SUPPLIED INFORMATION —
+ + + + +

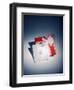 Best Selling Christmas Gifts - Napkins and Cards-Nina Leen-Framed Photographic Print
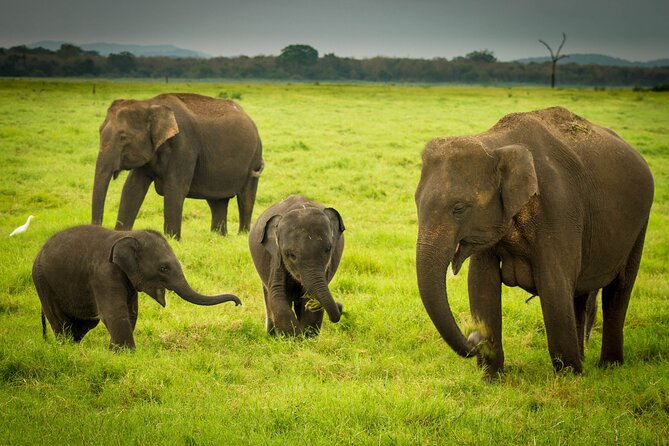 Sigiriya & Minneriya Safari Tour From Kandy - Good To Know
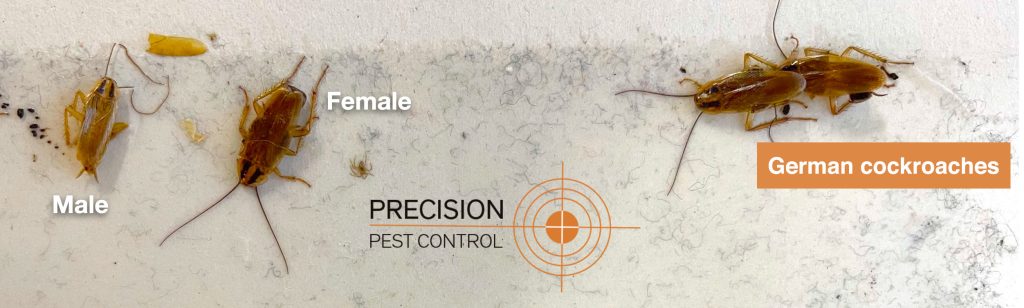 Cockroach infestation in your workplace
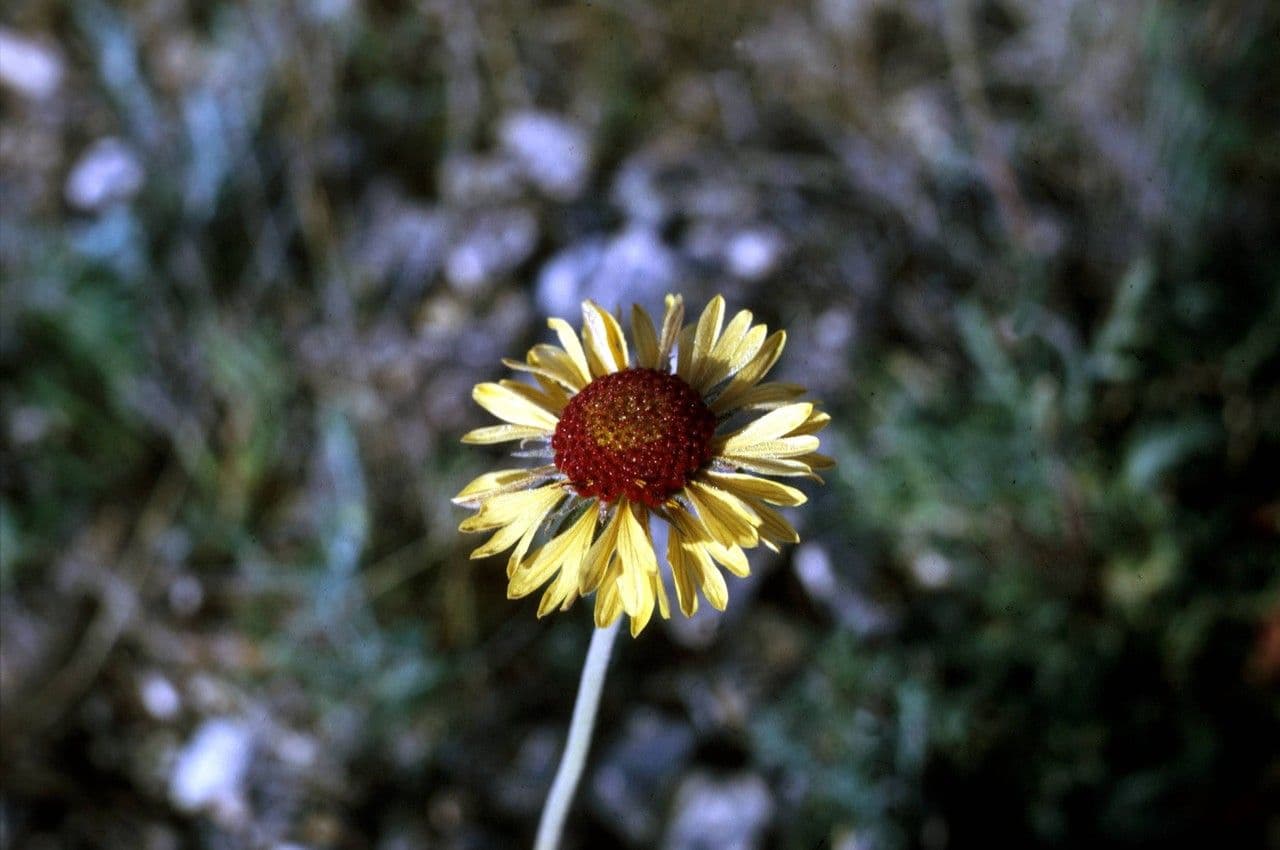 Gaillardia pennatifida 3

+ + + + +

WHAT YOU ARE ASKED TO DO — Please give again, word for word, the lines from the one containing "Sigiriya & Minneriya" through the last line of the listing above, inclusive, and leave out pictures.

REPLY —
 Sigiriya & Minneriya Safari Tour From Kandy - Good To Know
 Cockroach infestation in your workplace
 Gaillardia pennatifida 3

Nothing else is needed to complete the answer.